:: Data for analysis ::
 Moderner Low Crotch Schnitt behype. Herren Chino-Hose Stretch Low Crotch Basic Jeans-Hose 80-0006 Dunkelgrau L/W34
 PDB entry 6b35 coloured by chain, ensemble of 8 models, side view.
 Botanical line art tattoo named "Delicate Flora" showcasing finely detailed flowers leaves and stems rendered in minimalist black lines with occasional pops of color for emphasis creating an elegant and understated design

* * *

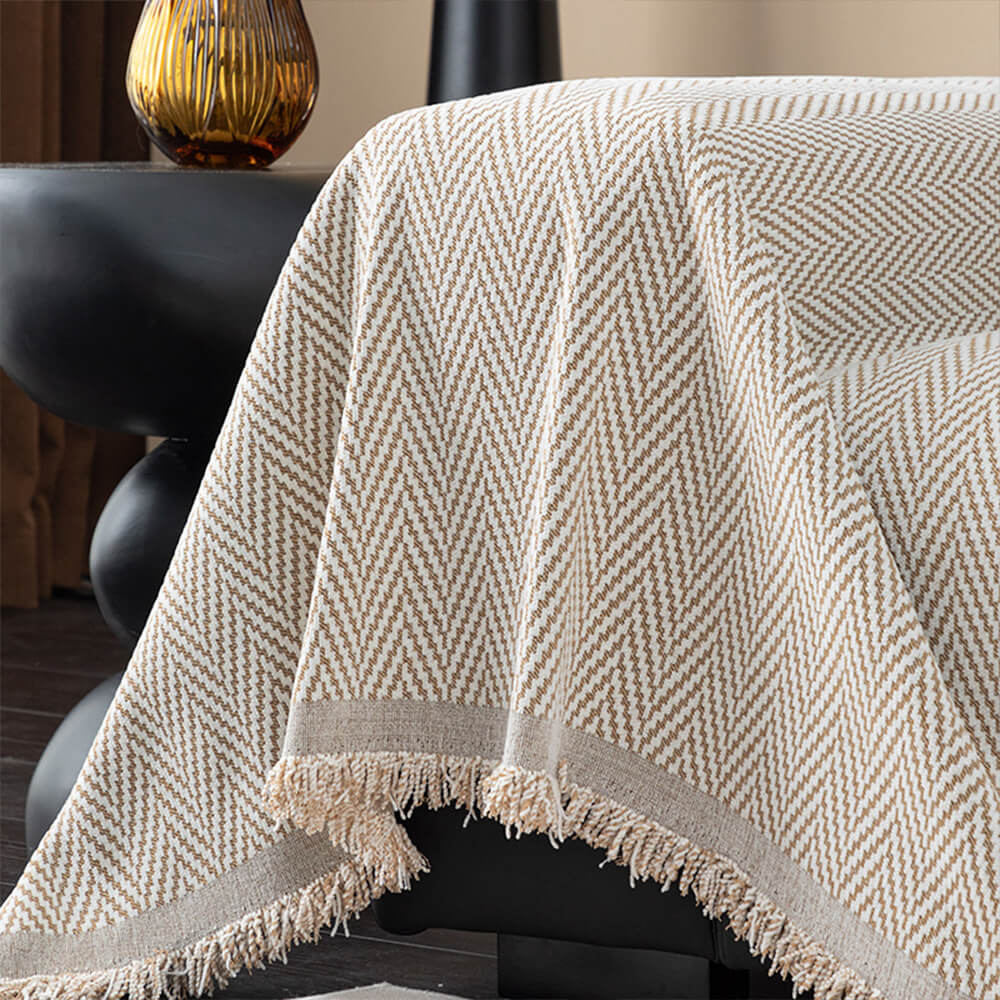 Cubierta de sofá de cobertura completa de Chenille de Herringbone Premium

==

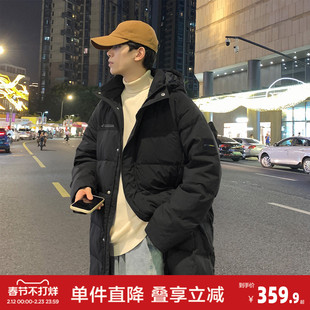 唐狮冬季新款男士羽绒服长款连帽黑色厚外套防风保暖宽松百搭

:: Task objective ::
Give back, word for word, only the lines above from the line holding "PDB entry 6b35" to the line holding "Botanical line art", both included.

:: Output for this exercise ::
 PDB entry 6b35 coloured by chain, ensemble of 8 models, side view.
 Botanical line art tattoo named "Delicate Flora" showcasing finely detailed flowers leaves and stems rendered in minimalist black lines with occasional pops of color for emphasis creating an elegant and understated design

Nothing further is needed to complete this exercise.